**What you are asked to do**
Could you print the stretch of lines below from the one with "C416 AC,DC-JACK Adapter" through the one with "230V, MIG/MAG/MMA/LIFT-TIG Powermat", exactly as they stand and without any pictures?

**Task inputs**
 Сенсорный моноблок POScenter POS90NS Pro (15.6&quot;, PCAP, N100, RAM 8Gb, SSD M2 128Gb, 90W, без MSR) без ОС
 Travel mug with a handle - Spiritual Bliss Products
---
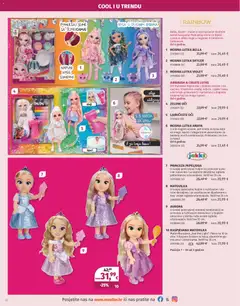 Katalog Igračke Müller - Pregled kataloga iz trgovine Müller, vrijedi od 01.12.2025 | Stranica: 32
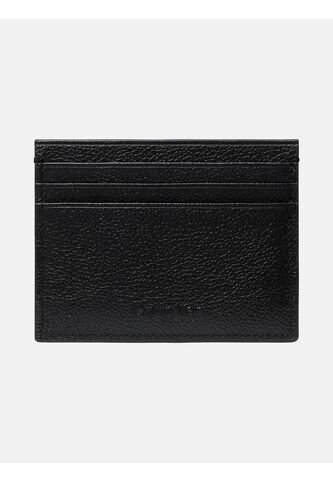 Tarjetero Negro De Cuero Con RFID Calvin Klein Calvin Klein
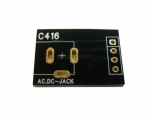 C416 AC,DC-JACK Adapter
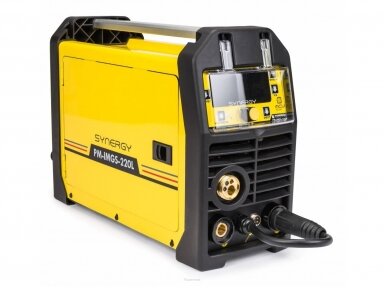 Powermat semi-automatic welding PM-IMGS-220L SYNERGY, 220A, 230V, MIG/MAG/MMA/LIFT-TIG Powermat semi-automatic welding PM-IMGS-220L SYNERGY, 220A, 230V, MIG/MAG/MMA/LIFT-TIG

**Task output**
 C416 AC,DC-JACK Adapter
 Powermat semi-automatic welding PM-IMGS-220L SYNERGY, 220A, 230V, MIG/MAG/MMA/LIFT-TIG Powermat semi-automatic welding PM-IMGS-220L SYNERGY, 220A, 230V, MIG/MAG/MMA/LIFT-TIG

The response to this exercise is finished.